Management of migrants’ sponsored bank[edit]

Proposed migrants’ sponsored bank can be run under private management following home country regulation and international best practice. The migrants’ sponsored bank should be registered as a banking company under respective state laws. Corporate governance shall be conducted by non-resident nationals following home country regulation and international best practice. If home country government is in the board, should ensure not to dominate over board decision.

Benefits, drawbacks and reinvestment[edit]

  1. Informal (hundi) remittance can be transformed into formal or official channel.
  2. Economy may receive more migrants’ remittance which is non-debt bearing foreign asset;
  3. As a unilateral transfer, remittance may strengthen BOP of home country results local currency appreciation.
  4. Sponsor capital can directly influence to favorable BOP and secondary effect of local currency appreciation.
  5. Most of the remitted foreign currency can be used in productive purposes.
  6. Fund collected from abroad but invested into the home economy having minimum foreign exchange risk or mass repatriation risk.
  7. Economy can get additional investable money for fostering growth and development
  8. Both financial and intellectual effort from non-resident nationals finally leads to re-brain drain.

Drawbacks: If increased amount of official remittance cannot be used in productive purpose, it may cause of ‘Dutch disease’ problem.

Reinvestment: Migrants or non-resident nationals should have option to reinvest their dividend or even principal amount to home country, to host country or to third country, however, preference should be given for reinvestment into the home country.

Why International Financial Institutes’ Alternative is Necessary?[edit]

Persuading higher growth and development, developing economies require additional investment. Economy looks for either domestic or external sources. Policy makers prefer external sources to elude pressure on domestic sources. Then they look for lower rate external lending sources such as World Bank, IMF and other international financial institutions [IFIs]. However, developing economies are not so pleased with IFIs and affixed conditions. After World War-II, the World Bank or International Bank for Reconstruction and Development (IBRD) was born in the Bretton Woods Conference 19 in 1944. Since then, World Bank has been working as a development partner of the least developed countries (LDCs) and the developing countries like Bangladesh. LDCs and developing countries depend heavily on the World Bank for their long-term development financing. This UN-recognized organization is much appreciated but criticized too. The organization has already completed 50 years but still there is much debate on its success. Excluding Israel and Egypt, the success story would be much poor. Though lower rate of interest and the grace period of repayment are the main positive side imposed conditions are the major cause in most of the unsuccessful projects.

Then what is the alternative option to the developing economies to meet their investment and development demand for persuading higher growth? The simplest answer may be as “it depends”. It means it depends on the character and trends of respective economy. Migrants’ remittances may be an effective alternative depending on its way of use.

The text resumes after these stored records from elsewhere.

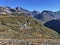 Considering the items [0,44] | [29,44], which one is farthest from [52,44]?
[0,44]

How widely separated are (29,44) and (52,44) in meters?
4.15

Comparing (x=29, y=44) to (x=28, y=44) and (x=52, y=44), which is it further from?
(x=52, y=44)

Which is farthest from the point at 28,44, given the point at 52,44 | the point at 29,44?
the point at 52,44

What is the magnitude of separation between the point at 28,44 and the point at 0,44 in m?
5.50

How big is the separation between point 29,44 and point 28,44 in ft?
0.63

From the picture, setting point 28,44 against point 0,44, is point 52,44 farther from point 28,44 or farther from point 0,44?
point 0,44

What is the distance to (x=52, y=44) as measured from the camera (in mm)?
33094

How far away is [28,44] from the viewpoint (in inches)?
1298

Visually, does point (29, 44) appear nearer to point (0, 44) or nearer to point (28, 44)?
point (28, 44)

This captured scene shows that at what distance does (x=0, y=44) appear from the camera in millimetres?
34500

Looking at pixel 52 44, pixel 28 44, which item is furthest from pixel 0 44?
pixel 52 44

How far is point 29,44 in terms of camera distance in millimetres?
32906
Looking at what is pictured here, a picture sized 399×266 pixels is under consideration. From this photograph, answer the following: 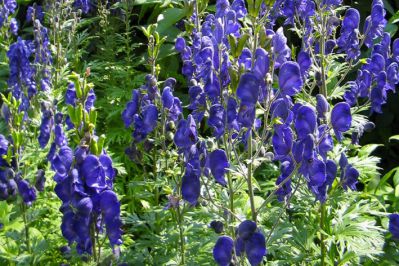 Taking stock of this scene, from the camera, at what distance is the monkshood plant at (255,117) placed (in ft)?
6.91

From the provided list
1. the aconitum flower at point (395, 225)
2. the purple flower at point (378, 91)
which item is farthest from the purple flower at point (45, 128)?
the aconitum flower at point (395, 225)

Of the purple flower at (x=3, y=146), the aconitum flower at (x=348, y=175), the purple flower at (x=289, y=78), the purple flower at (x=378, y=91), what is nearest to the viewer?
the purple flower at (x=289, y=78)

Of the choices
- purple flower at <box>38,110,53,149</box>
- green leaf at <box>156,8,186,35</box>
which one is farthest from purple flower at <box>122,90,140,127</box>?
green leaf at <box>156,8,186,35</box>

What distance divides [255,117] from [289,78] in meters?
0.19

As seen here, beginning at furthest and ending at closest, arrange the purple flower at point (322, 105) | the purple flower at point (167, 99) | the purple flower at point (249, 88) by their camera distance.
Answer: the purple flower at point (167, 99) → the purple flower at point (322, 105) → the purple flower at point (249, 88)

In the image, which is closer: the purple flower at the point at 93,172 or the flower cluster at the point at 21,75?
the purple flower at the point at 93,172

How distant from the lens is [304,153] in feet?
7.06

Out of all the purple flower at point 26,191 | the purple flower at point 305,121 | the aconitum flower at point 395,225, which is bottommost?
the aconitum flower at point 395,225

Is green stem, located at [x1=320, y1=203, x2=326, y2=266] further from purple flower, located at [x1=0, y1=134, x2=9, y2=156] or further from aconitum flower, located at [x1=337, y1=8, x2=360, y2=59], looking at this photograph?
purple flower, located at [x1=0, y1=134, x2=9, y2=156]

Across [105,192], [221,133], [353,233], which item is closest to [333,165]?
[353,233]

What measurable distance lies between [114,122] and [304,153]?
3102mm

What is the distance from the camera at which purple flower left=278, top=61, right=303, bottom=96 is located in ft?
6.96

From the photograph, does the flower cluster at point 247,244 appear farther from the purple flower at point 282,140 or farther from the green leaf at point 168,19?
the green leaf at point 168,19

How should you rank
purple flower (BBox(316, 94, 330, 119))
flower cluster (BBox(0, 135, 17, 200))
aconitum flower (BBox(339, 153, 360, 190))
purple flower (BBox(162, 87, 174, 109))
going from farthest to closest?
flower cluster (BBox(0, 135, 17, 200))
purple flower (BBox(162, 87, 174, 109))
aconitum flower (BBox(339, 153, 360, 190))
purple flower (BBox(316, 94, 330, 119)) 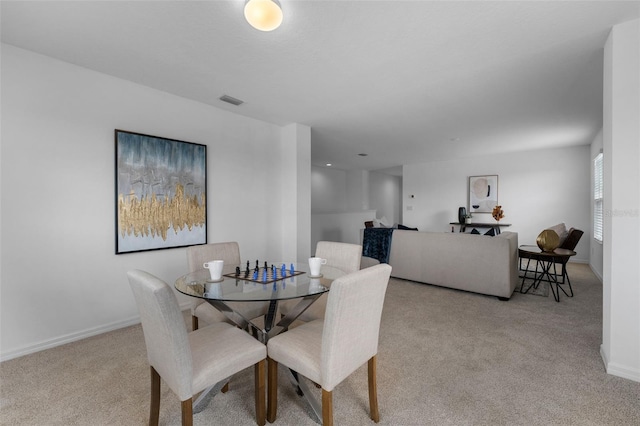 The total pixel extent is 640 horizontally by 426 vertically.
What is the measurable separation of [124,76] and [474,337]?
4040 mm

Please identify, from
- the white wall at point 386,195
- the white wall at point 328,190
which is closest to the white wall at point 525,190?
the white wall at point 386,195

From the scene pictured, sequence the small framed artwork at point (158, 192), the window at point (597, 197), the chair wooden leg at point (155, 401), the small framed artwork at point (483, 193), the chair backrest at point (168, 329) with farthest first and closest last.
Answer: the small framed artwork at point (483, 193)
the window at point (597, 197)
the small framed artwork at point (158, 192)
the chair wooden leg at point (155, 401)
the chair backrest at point (168, 329)

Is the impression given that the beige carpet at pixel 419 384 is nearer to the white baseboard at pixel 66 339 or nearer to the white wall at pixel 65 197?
the white baseboard at pixel 66 339

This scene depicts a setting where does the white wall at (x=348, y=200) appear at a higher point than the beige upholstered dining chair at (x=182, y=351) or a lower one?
higher

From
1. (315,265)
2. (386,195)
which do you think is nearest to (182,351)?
(315,265)

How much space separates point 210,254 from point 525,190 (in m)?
6.70

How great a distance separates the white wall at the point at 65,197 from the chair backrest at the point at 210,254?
0.91m

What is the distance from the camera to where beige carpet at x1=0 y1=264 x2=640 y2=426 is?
1.62 meters

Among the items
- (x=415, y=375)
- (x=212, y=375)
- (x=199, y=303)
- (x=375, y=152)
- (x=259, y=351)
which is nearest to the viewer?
(x=212, y=375)

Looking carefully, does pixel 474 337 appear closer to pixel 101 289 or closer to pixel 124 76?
pixel 101 289

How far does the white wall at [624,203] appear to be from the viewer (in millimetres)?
1953

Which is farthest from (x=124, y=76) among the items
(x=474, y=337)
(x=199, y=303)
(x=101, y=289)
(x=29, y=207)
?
(x=474, y=337)

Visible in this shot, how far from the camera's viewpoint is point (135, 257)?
2.92m

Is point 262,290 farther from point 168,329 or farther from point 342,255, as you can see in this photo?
point 342,255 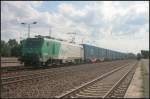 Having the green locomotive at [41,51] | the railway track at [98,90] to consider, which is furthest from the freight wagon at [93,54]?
the railway track at [98,90]

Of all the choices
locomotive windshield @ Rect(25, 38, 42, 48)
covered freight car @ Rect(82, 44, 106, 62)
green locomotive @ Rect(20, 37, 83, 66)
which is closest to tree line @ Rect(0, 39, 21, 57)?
covered freight car @ Rect(82, 44, 106, 62)

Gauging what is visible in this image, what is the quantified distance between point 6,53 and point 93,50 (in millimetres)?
44613

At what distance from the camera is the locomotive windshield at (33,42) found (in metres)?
32.3

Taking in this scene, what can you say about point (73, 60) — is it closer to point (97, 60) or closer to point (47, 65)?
point (47, 65)

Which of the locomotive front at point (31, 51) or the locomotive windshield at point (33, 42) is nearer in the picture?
the locomotive front at point (31, 51)

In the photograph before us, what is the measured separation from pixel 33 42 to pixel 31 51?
1.19 meters

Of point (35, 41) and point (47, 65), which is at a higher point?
point (35, 41)

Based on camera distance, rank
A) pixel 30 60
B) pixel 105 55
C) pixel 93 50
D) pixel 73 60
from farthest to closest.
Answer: pixel 105 55 → pixel 93 50 → pixel 73 60 → pixel 30 60

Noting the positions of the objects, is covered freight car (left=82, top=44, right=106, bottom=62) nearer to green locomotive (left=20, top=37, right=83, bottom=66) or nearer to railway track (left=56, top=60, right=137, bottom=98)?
green locomotive (left=20, top=37, right=83, bottom=66)

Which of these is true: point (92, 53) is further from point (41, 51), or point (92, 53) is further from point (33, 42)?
point (41, 51)

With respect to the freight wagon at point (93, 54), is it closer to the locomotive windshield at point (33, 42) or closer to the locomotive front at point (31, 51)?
the locomotive windshield at point (33, 42)

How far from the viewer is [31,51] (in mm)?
32125

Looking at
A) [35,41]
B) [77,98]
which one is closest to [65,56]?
[35,41]

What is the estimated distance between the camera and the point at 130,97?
525 inches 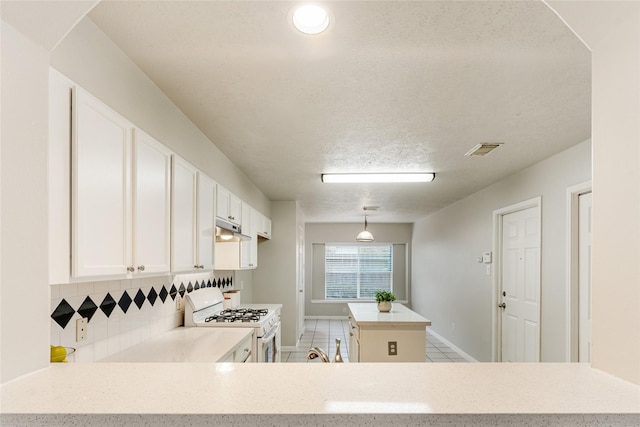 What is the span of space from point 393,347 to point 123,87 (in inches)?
132

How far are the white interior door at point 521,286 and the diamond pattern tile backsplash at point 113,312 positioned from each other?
11.5 feet

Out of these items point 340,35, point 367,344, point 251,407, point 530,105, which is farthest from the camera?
point 367,344

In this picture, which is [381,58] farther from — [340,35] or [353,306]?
[353,306]

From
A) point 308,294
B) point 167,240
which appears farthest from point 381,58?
point 308,294

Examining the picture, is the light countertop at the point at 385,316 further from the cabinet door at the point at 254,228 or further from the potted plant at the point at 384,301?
the cabinet door at the point at 254,228

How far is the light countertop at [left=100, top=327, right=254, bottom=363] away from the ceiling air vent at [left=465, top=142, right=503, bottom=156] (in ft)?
8.12

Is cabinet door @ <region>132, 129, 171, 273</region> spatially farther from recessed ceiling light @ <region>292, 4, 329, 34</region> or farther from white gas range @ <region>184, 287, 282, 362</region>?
white gas range @ <region>184, 287, 282, 362</region>

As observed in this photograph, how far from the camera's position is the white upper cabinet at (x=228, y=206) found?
3.28 metres

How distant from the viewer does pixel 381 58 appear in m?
1.89

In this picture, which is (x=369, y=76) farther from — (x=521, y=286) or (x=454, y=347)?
(x=454, y=347)

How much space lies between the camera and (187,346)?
2.60 meters

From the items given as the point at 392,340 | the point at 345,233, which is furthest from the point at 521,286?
the point at 345,233

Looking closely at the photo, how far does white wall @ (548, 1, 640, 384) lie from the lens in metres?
0.91

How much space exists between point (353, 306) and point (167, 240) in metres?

The study focused especially on labor exporting economies like Bangladesh, where migrants’ remittances are playing significant role to abate negativity of its BOP. Formation of a remittance backed bank or migrants sponsored bank [depositor-mostly remitters, lending to foreign currency involved business and project even to the government, owned by potential non-resident nationals (NRBs for Bangladesh, NRNs for Nepal and so on)] as an alternative of IFIs for external financing in home country.